3.6 In Vitro Desuccinylation Assay to Assess the Activity of Purified SIRT5 and SIRT5-H158Y Proteins

1. 1.

   Mix 0.5 ml (~7.5 mg) of PDC with 1 ml of PDC centrifugation buffer, and centrifuge at 135,000 × g for 2 h at 4 °C (see Note 14 ).

2. 2.

   Remove supernatant leaving 200 μl. Resuspend pellet in residual 200 μl of supernatant by pipetting up and down several times.

3. 3.

   Measure the concentration of resuspended PDC.

4. 4.

   Set up three reaction tubes, each with 30 μg of purified porcine heart PDC and 20 μl of 3× desuccinylation reaction buffer. In one tube add 10 μg of purified SIRT5 protein, and in another add 10 μg of purified SIRT5H158Y protein. Do not add any SIRT5 protein to the third (negative control) tube.

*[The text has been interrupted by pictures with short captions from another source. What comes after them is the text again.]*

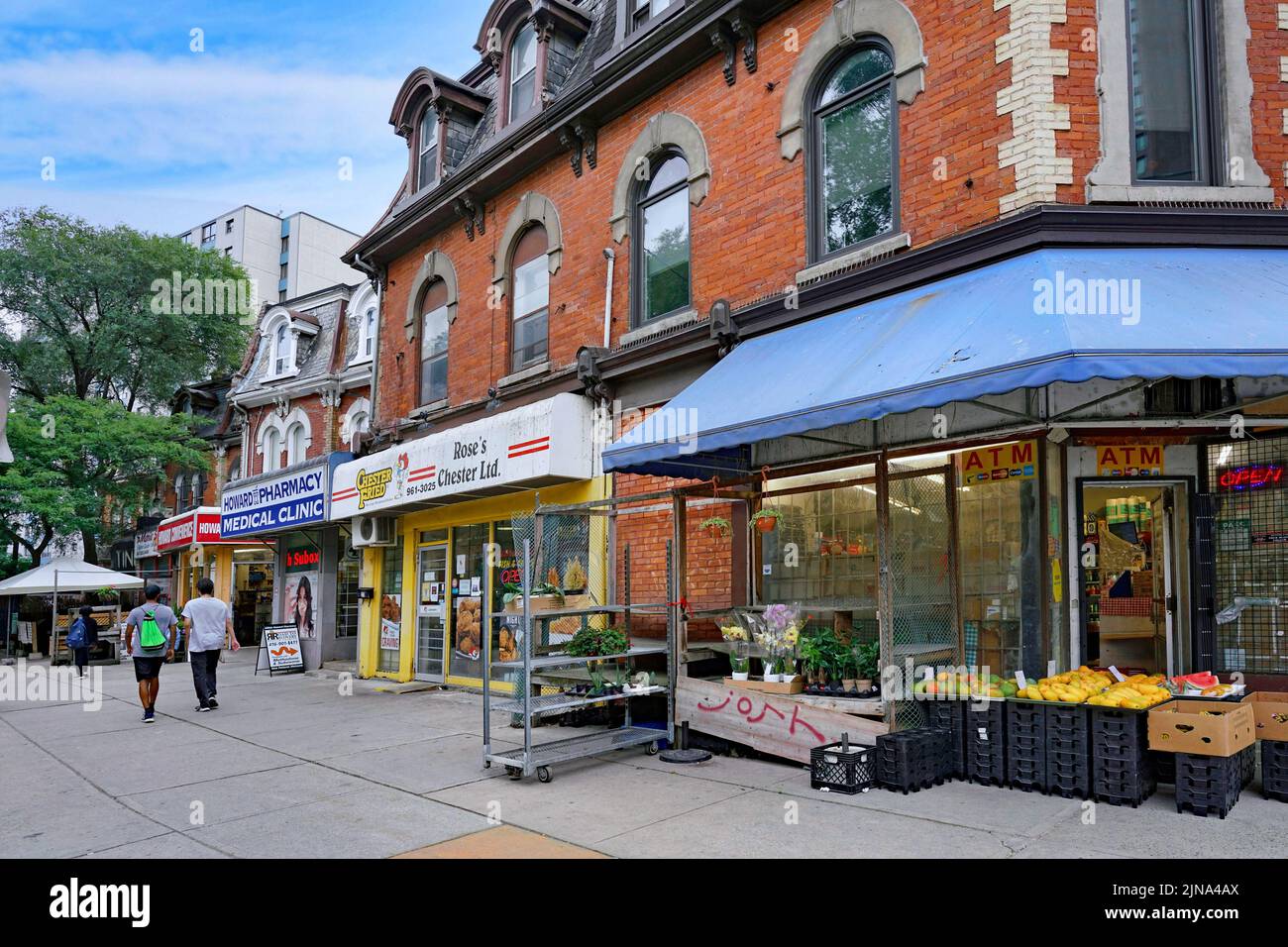 Toronto, Ontario, Canada - A row of stores and restaurants in the old Cabbagetown neighborhood with heritage architecture, preserved 19th century buil Stock Photo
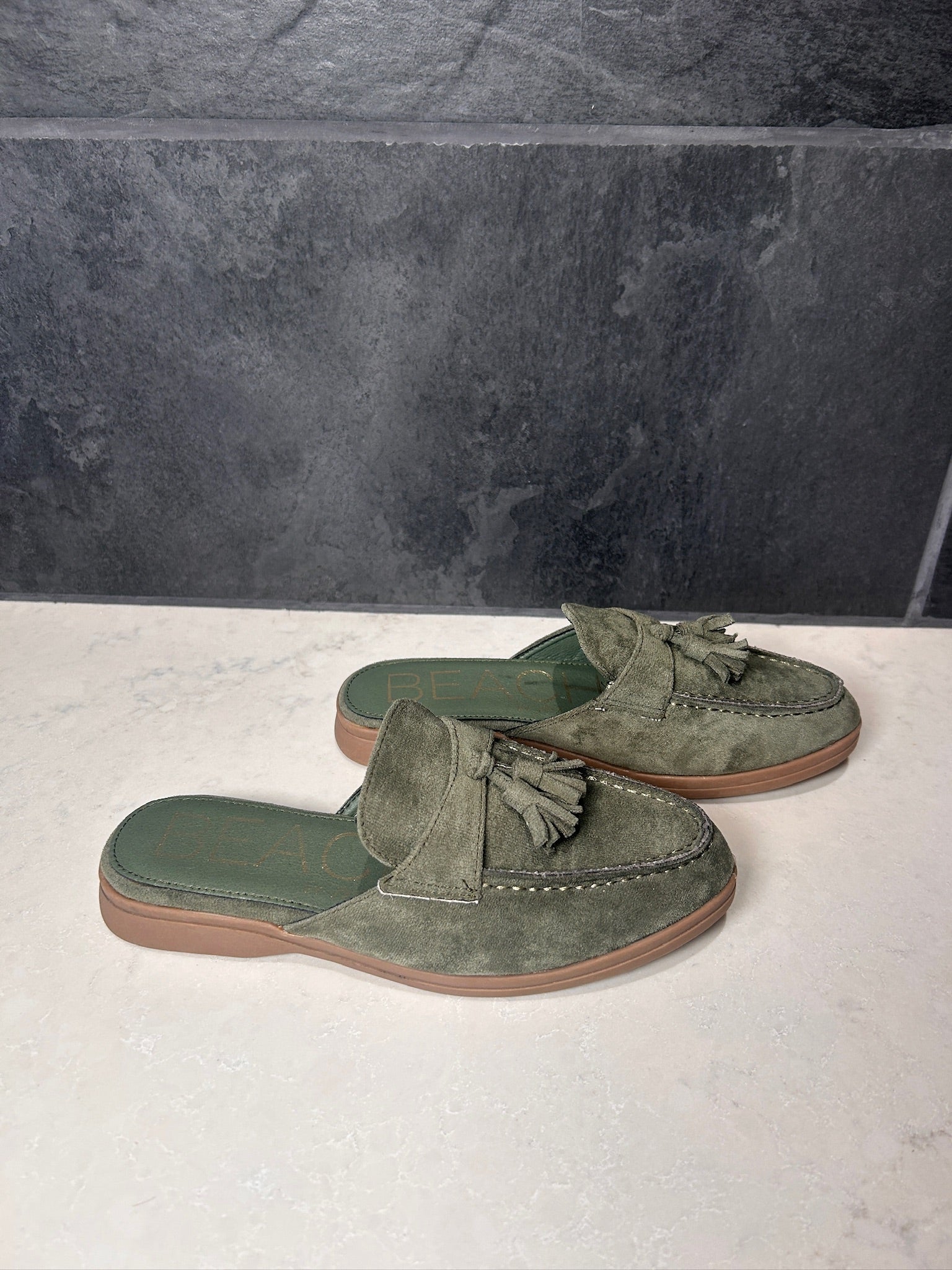 Pair of green suede loafers with tassels on a light surface with a dark tiled wall background.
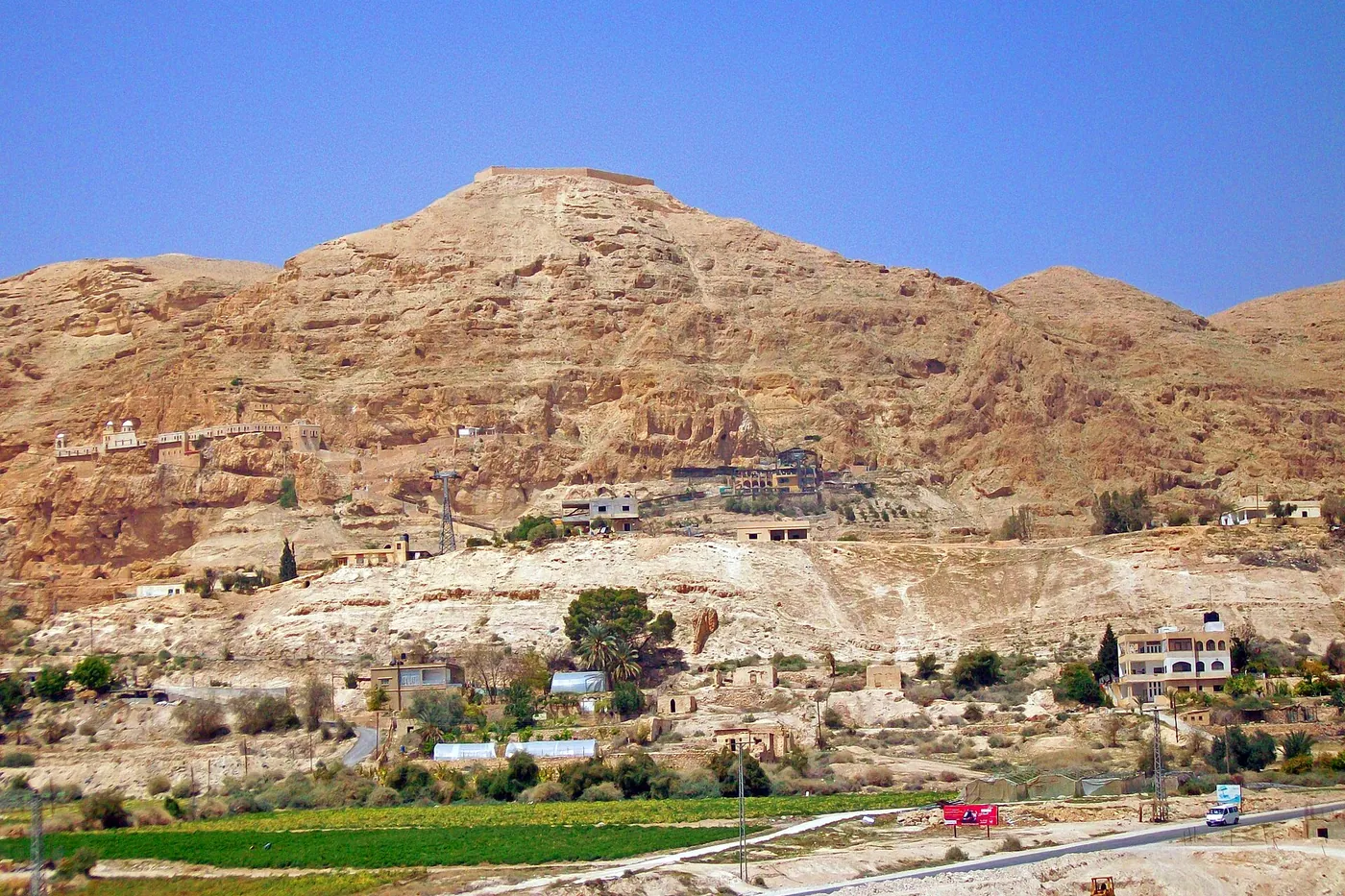 Houses and fields of Jericho below a bare, rocky mountain with a monastery on its slope
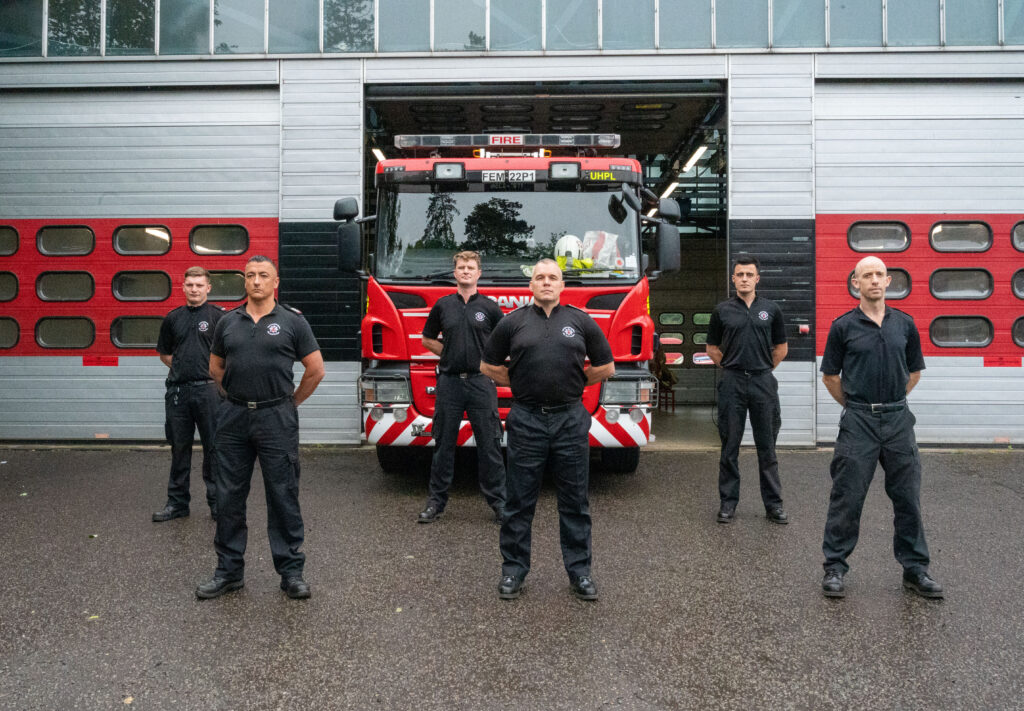 Station Manager and crew outside Rushden Fire Station in front of fire appliance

Bring up the total final reaction volume to 60 μl in all three tubes by adding ddH₂O. Incubate in water bath set at 37 °C for 2 h with occasional agitation via finger tap (see Note 15 ).

5. 5.

   Analyze samples from each reaction tube by immunoblot using rabbit anti lysine-succinyl antibody as discussed below:

   1. (a)

      Add 20 μl of 4× Laemmli sample buffer to each tube, and heat at 95–100 °C for 5 min.

   2. (b)

      Load 20 μl of each sample and 8 μl of protein standard ladder on a 4–20 % polyacrylamide gel, and run the gel at 200 V in 1× running buffer until the dye front reaches to the bottom of the gel.

   3. (c)

      Transfer the fractionated proteins from polyacrylamide gel to a PVDF membrane in 1× transfer buffer at 800 mA for 50 min at 4 °C.

   4. (d)

      Visualize the transfer of fractionated proteins on PVDF membrane using Ponceau S staining solution. Make a digital scanned image of the stained membrane.

   5. (e)

      Block the nonspecific binding sites by incubating the membrane in 5 % skim milk in 1× TBST for 30 min at room temperature on a rocker.

   6. (f)

      Discard blocking solution, and wash briefly with 1× TBST.

   7. (g)

      Incubate overnight at 4 °C with rabbit anti lysine-succinyl antibody, diluted at 1:1000 in 5 % BSA in 1× TBST, while shaking on a rocker.

   8. (h)

      Collect antibody solution, and wash membrane three times for 10 min each with 1× TBST.

   9. (i)

      Incubate the membrane with HRP-conjugated secondary antibody, diluted at 1:10,000 in 5 % skim milk in 1× TBST, for 1 h at room temperature while shaking on a rocker.

   10. (j)

       Wash membrane three times for 10 min each with 1× TBST.

   11. (k)

       Develop signal using appropriate chemiluminescent HRP Substrate. Figure 4 shows that SIRT5-treated PDC has decreased levels of lysine succinylation on the E1α subunit compared with untreated or SIRT5H158Y treated controls.

       Fig. 4

       

       Desuccinylase activity of purified SIRT5 and SIRT5H158Y. Pelleted porcine heart PDC was treated with or without purified SIRT5 and SIRT5H158Y proteins and processed for immunoblotting with anti-Ksucc antibody as described in the Subheading 3. Total PDC E1α serves as loading control

   12. (l)

       Wash membrane with distilled water for 10 min at room temperature.

   13. (m)

       Strip membrane by incubating with stripping buffer while shaking at room temperature for 10 min. Discard buffer, and repeat one more time.

   14. (n)

       Wash membrane twice with 1× PBS for 10 min each, followed by two washes with 1× TBST.

   15. (o)

       Block and re-probe with mouse anti-pyruvate dehydrogenase E1-alpha subunit antibody, diluted at 1:1000 in 5 % BSA in 1× TBST, as described above in the Subheading 3.6, step 5 (e-g).

   16. (p)

       Repeat steps from h–k (see Note 16 ).